* [Work request]
Type out the lines below exactly, from the first through the line holding "Businessman and businesswoman", and include no pictures.
────────
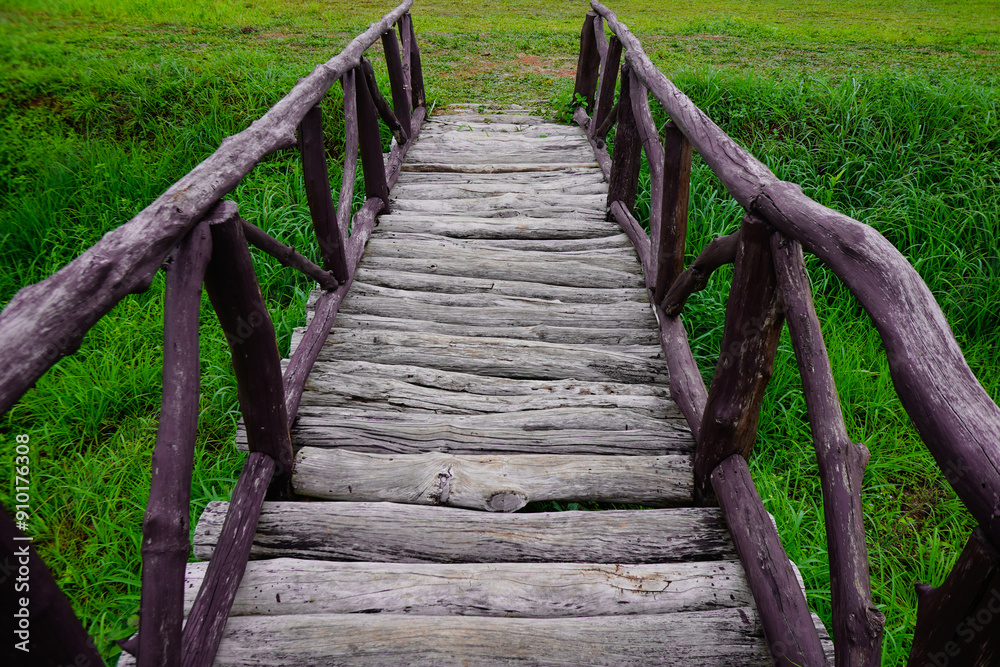Wood bridge made from timber middle on the green paddy field. Wood bridge made from timber middle on the green paddy field.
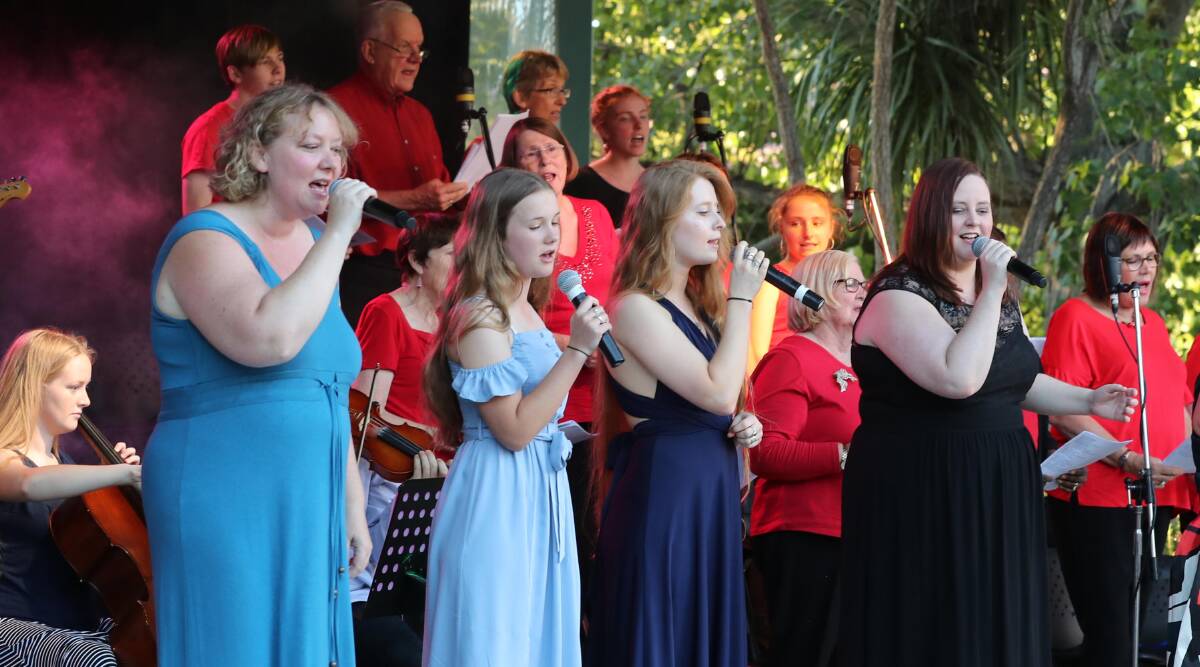 SINGERS: Natalie, Anna, Hannah and Erin perform carols to an audience of more than 2000 at the Wagga Inter Church Council Carols in the Park. Picture: Les Smith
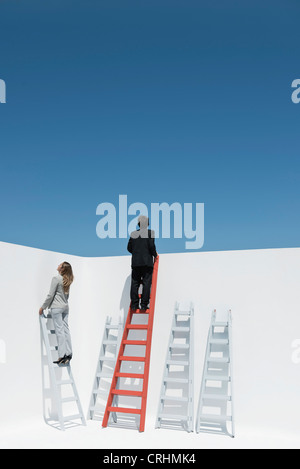 Businessman and businesswoman climbing ladders Stock Photo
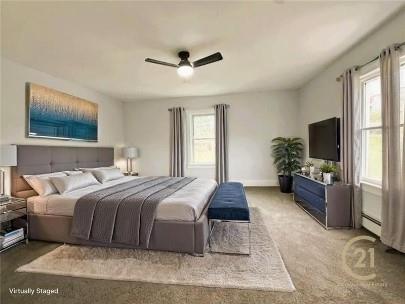 1218 Rodgers Street Pittsburgh, PA 15207 - Photo 6 of 15 a bedroom with a large bed and a flat screen tv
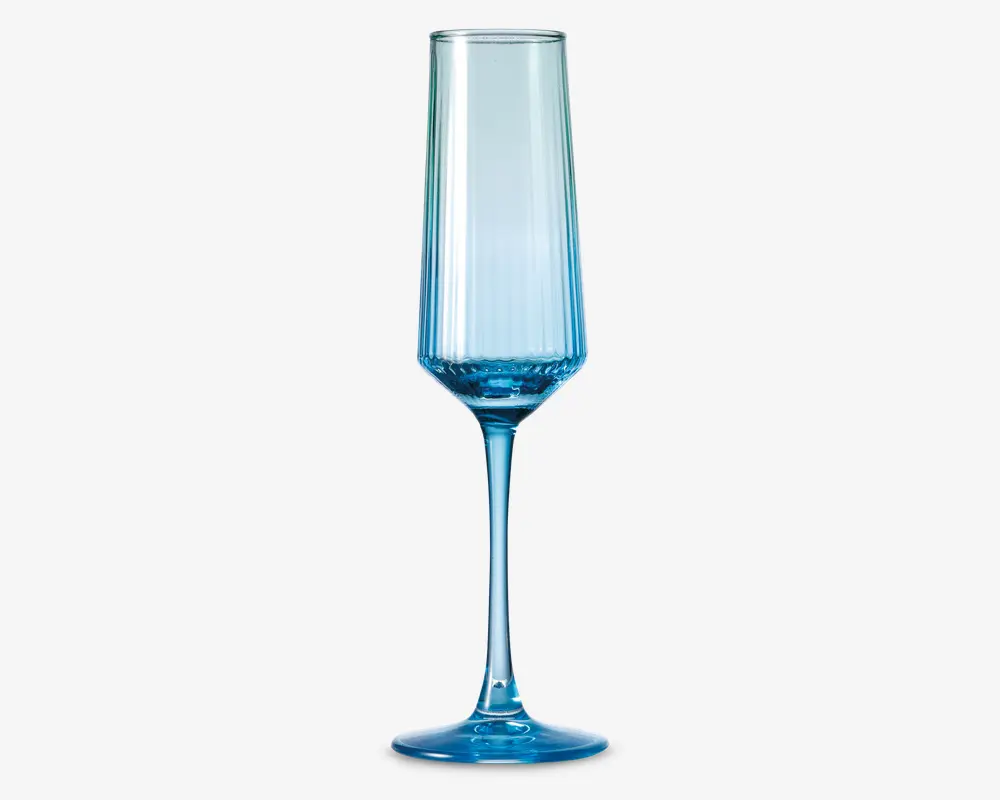 Høj, slank glas med blå nuance, lang stilk og smal, facetslebet skål. Glasset har et moderne, geometrisk design med lodrette linjer langs skålen og en solid, rund fod for stabilitet.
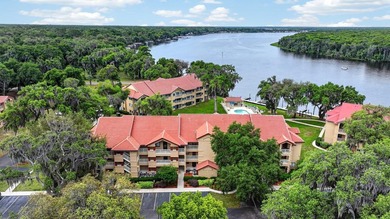 First-floor unit with breathtaking river views! Don't miss this - photo 33
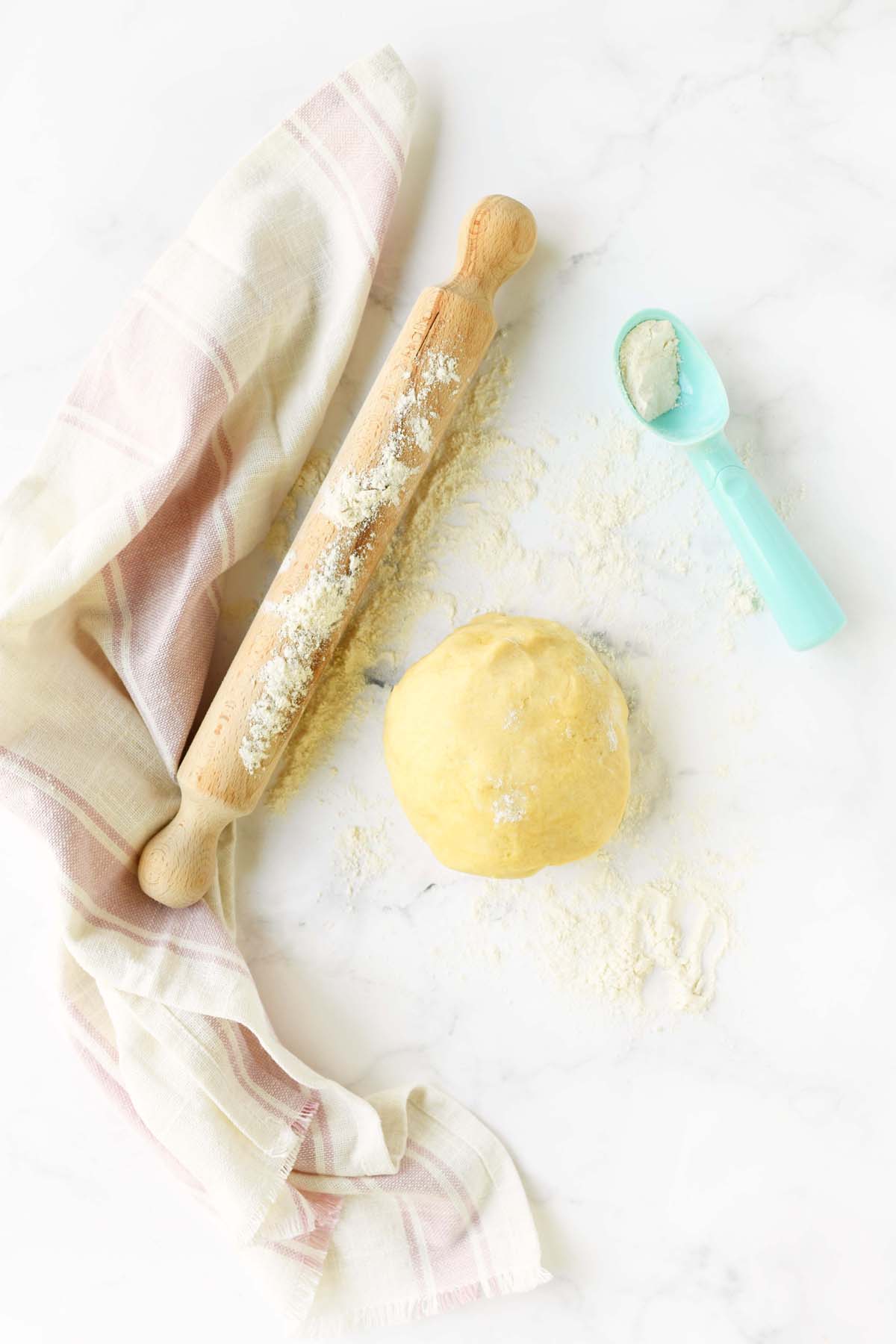 Fresh Pie Crust ball and wooden rolling pin.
────────
* [Answer area]
Wood bridge made from timber middle on the green paddy field. Wood bridge made from timber middle on the green paddy field.
 SINGERS: Natalie, Anna, Hannah and Erin perform carols to an audience of more than 2000 at the Wagga Inter Church Council Carols in the Park. Picture: Les Smith
 Businessman and businesswoman climbing ladders Stock Photo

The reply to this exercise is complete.